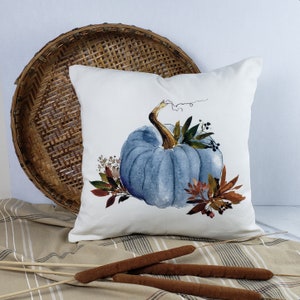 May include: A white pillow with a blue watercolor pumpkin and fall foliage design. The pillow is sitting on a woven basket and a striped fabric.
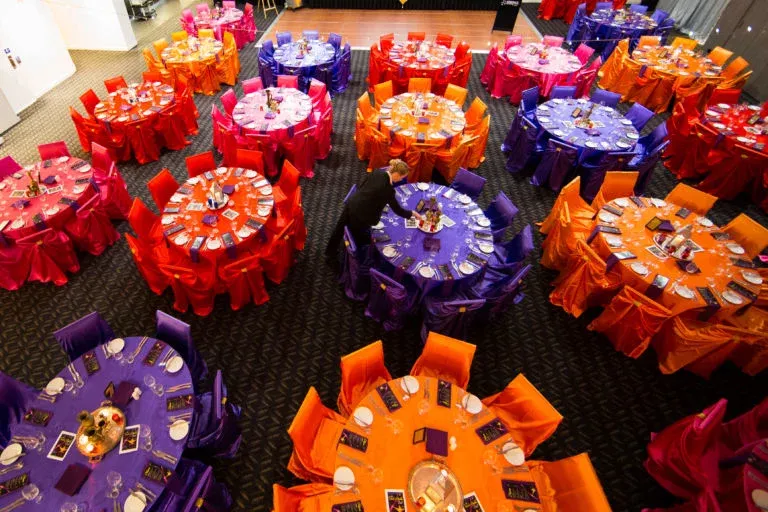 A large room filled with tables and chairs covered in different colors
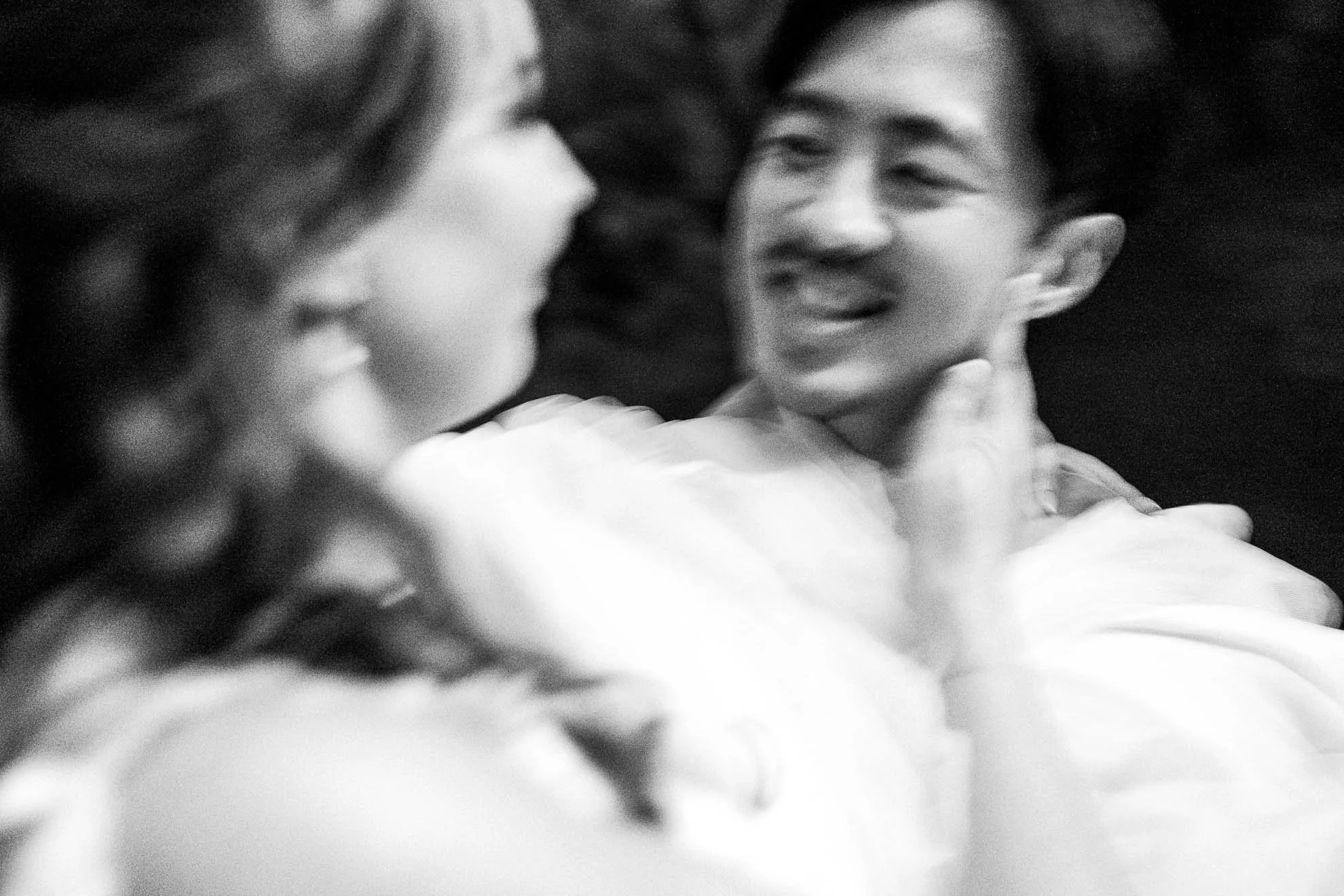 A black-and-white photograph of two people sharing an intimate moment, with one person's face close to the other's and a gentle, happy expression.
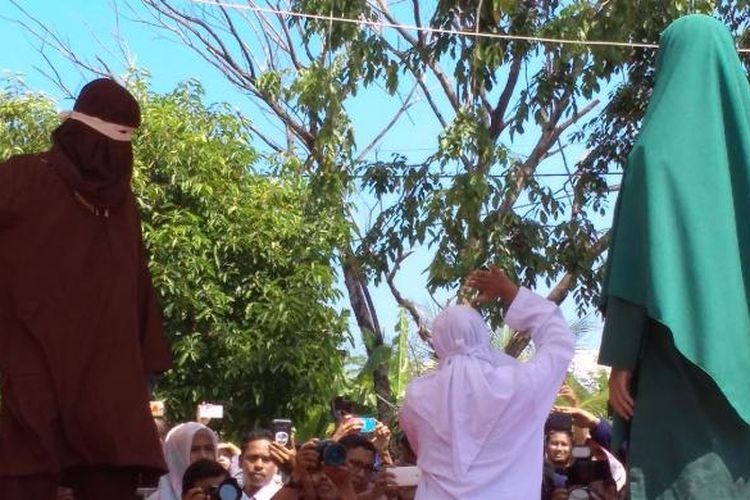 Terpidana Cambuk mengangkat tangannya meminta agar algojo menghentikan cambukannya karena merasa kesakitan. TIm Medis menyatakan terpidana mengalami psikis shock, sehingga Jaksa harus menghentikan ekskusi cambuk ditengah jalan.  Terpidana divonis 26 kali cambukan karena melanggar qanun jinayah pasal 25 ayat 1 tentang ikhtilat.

+++

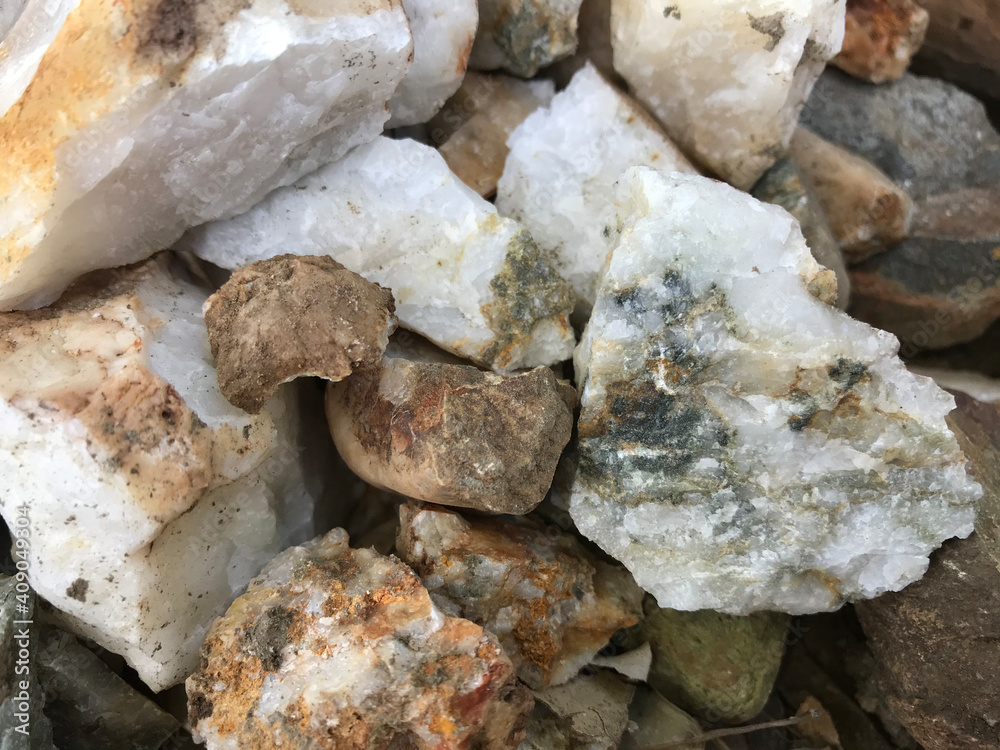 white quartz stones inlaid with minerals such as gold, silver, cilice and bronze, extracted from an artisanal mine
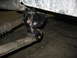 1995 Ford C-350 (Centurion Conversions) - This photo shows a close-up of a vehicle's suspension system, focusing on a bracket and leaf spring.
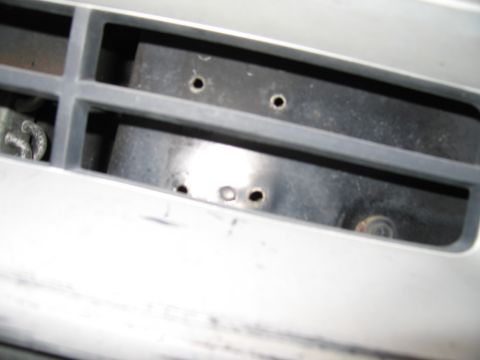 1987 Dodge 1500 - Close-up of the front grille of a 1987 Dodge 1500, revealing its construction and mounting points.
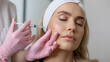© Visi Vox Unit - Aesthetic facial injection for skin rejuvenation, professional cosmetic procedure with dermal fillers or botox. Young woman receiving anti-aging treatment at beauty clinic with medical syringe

+++

Directions: With the pictures omitted, restate word for word the lines above from the line that has "white quartz stones" up to and including the line that has "with medical syringe", and no other lines.

Answer section:
 white quartz stones inlaid with minerals such as gold, silver, cilice and bronze, extracted from an artisanal mine
 1995 Ford C-350 (Centurion Conversions) - This photo shows a close-up of a vehicle's suspension system, focusing on a bracket and leaf spring.
 1987 Dodge 1500 - Close-up of the front grille of a 1987 Dodge 1500, revealing its construction and mounting points.
© Visi Vox Unit - Aesthetic facial injection for skin rejuvenation, professional cosmetic procedure with dermal fillers or botox. Young woman receiving anti-aging treatment at beauty clinic with medical syringe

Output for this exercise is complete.